__Exercise__
Take the line containing "Loyalty Card Pretty" and every line below it through the end of the entries, and output them verbatim, pictures excluded.

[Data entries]
====
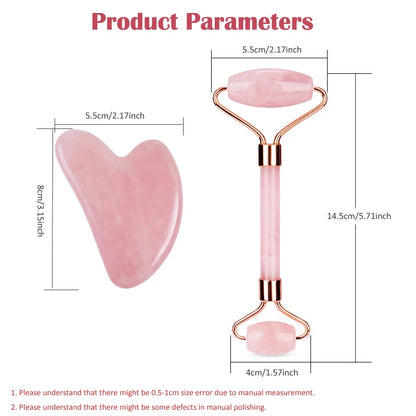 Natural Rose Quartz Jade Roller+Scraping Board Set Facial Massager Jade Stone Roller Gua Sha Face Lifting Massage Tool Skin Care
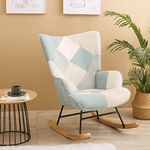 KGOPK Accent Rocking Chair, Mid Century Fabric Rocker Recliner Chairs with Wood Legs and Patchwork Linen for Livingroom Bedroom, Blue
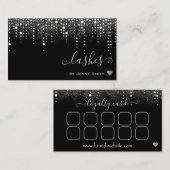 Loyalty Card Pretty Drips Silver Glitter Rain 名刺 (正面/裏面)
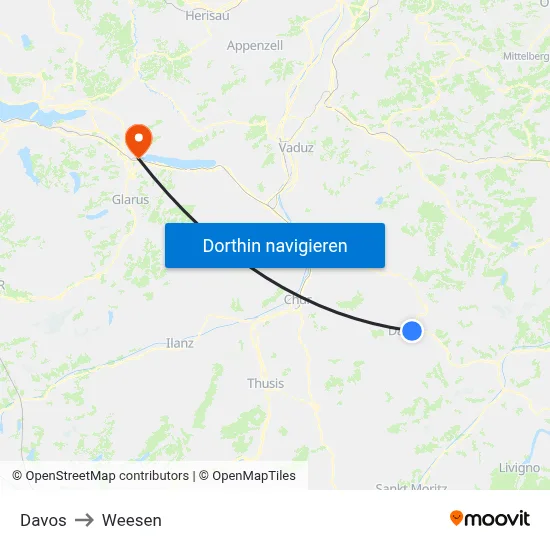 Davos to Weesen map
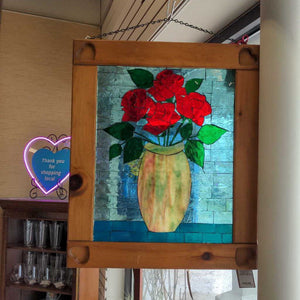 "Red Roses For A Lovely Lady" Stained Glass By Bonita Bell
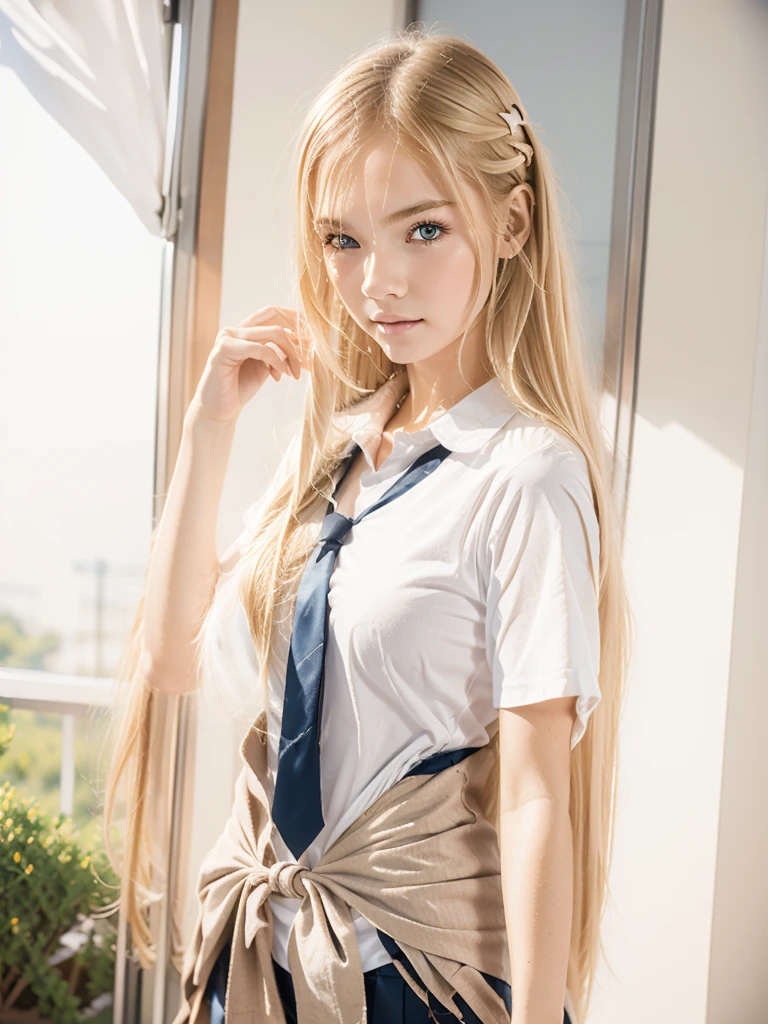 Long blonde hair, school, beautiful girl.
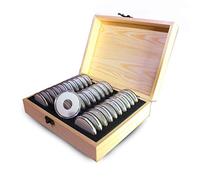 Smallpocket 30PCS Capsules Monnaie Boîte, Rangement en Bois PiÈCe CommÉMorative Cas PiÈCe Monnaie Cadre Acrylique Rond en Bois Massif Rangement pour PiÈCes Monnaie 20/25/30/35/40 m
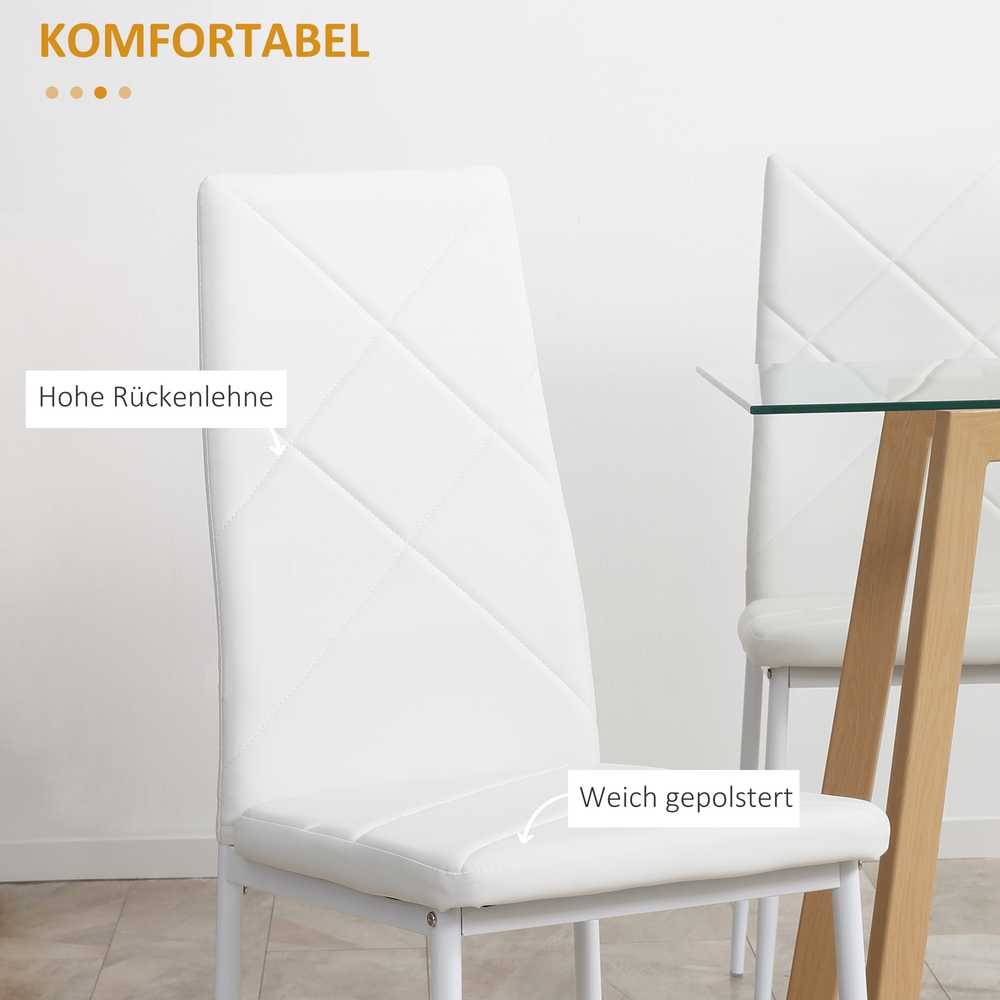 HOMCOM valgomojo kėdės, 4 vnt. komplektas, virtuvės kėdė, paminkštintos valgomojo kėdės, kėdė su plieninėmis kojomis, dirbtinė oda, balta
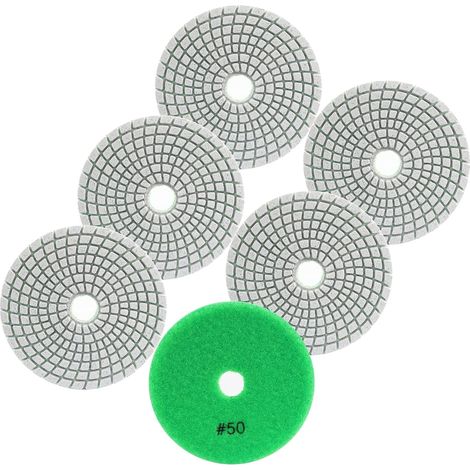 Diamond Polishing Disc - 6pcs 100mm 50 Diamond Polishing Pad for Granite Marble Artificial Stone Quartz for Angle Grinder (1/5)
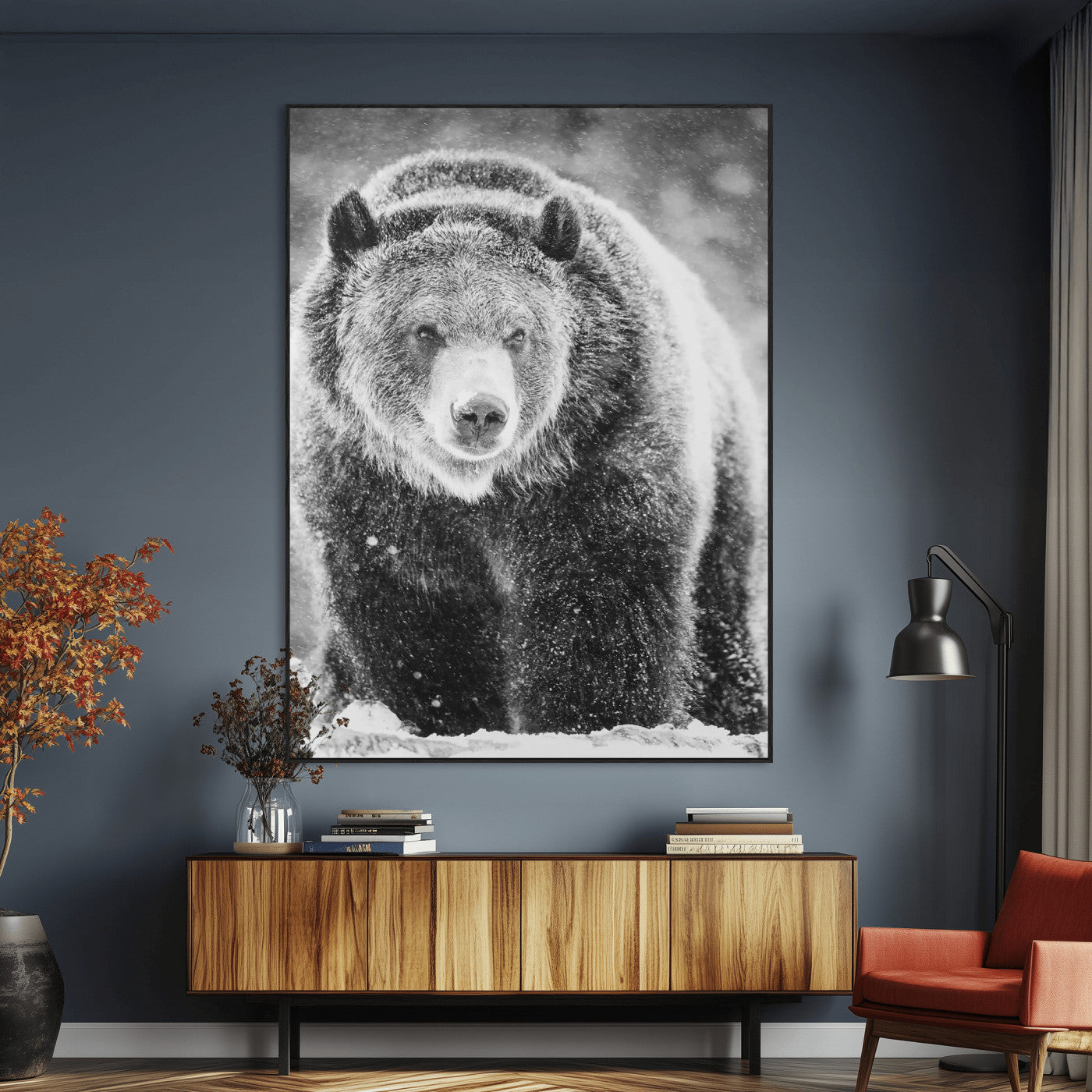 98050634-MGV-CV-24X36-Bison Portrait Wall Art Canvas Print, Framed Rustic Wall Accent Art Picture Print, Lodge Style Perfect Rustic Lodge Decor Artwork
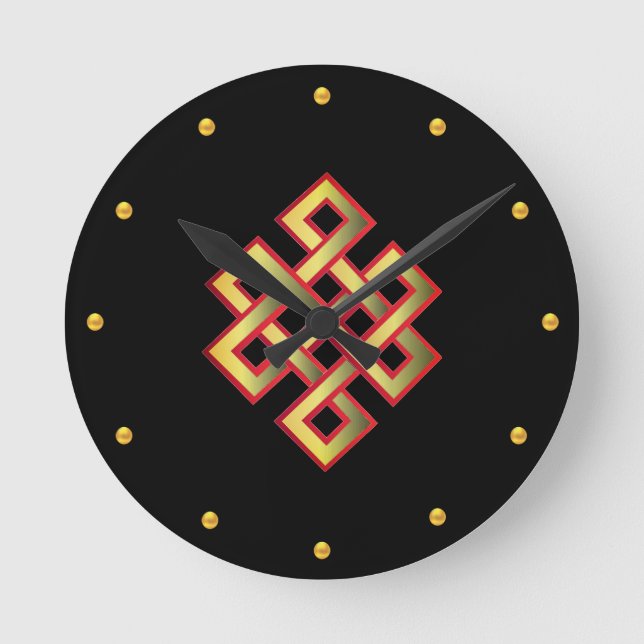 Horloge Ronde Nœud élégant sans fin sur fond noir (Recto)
====
__Answer section__
 Loyalty Card Pretty Drips Silver Glitter Rain 名刺 (正面/裏面)
 Davos to Weesen map
 "Red Roses For A Lovely Lady" Stained Glass By Bonita Bell
 Long blonde hair, school, beautiful girl.
 Smallpocket 30PCS Capsules Monnaie Boîte, Rangement en Bois PiÈCe CommÉMorative Cas PiÈCe Monnaie Cadre Acrylique Rond en Bois Massif Rangement pour PiÈCes Monnaie 20/25/30/35/40 m
 HOMCOM valgomojo kėdės, 4 vnt. komplektas, virtuvės kėdė, paminkštintos valgomojo kėdės, kėdė su plieninėmis kojomis, dirbtinė oda, balta
 Diamond Polishing Disc - 6pcs 100mm 50 Diamond Polishing Pad for Granite Marble Artificial Stone Quartz for Angle Grinder (1/5)
 98050634-MGV-CV-24X36-Bison Portrait Wall Art Canvas Print, Framed Rustic Wall Accent Art Picture Print, Lodge Style Perfect Rustic Lodge Decor Artwork
 Horloge Ronde Nœud élégant sans fin sur fond noir (Recto)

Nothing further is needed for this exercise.